▶ **About this exercise**: An exact, picture-free copy of the listing is required.

▶ **Records for this task**:

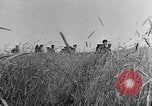Standbild deutsche Truppen Sowjetunion, 1941, aus Sekunde 24 historischem Filmmaterial Videoclip 65675047118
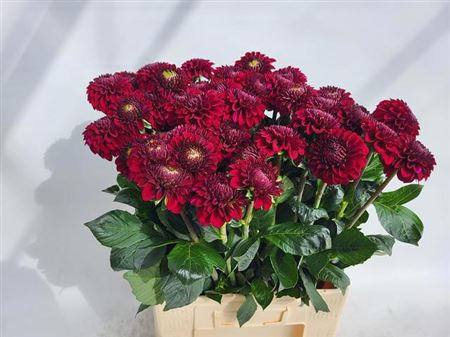 Dahlia Black Fox
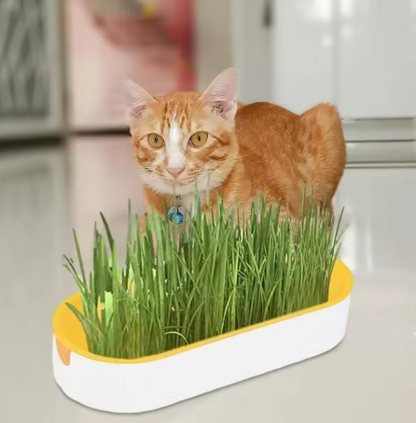 Cat Grass Pot Set – Hydroponic Soilless Cat Grass Growing Box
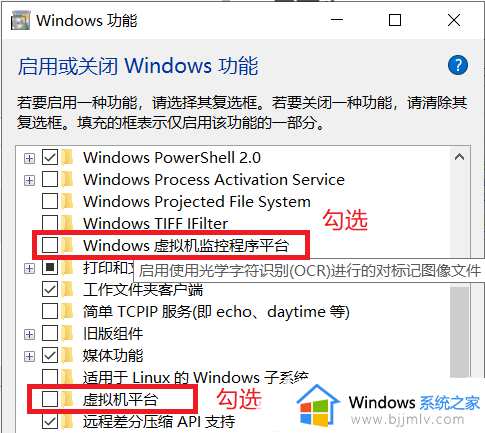 win10安装虚拟机蓝屏怎么办_win10电脑虚拟机安装时候出现蓝屏如何解决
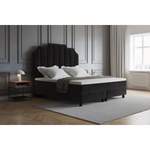 Boxspringbett Adelline der Marke Canora Grey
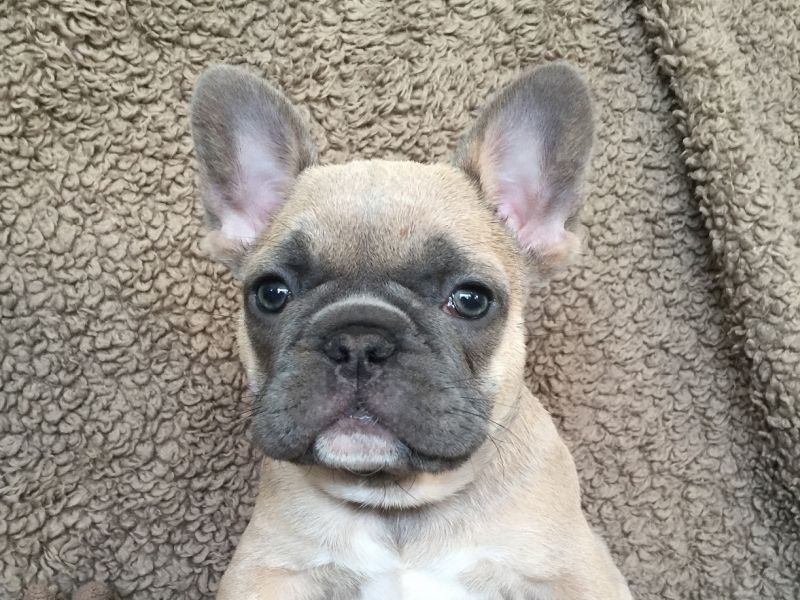 French Bulldogs: Cute, But Health Issues Abound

▶ **Output of the task**:
Standbild deutsche Truppen Sowjetunion, 1941, aus Sekunde 24 historischem Filmmaterial Videoclip 65675047118
 Dahlia Black Fox
 Cat Grass Pot Set – Hydroponic Soilless Cat Grass Growing Box
 win10安装虚拟机蓝屏怎么办_win10电脑虚拟机安装时候出现蓝屏如何解决
 Boxspringbett Adelline der Marke Canora Grey
 French Bulldogs: Cute, But Health Issues Abound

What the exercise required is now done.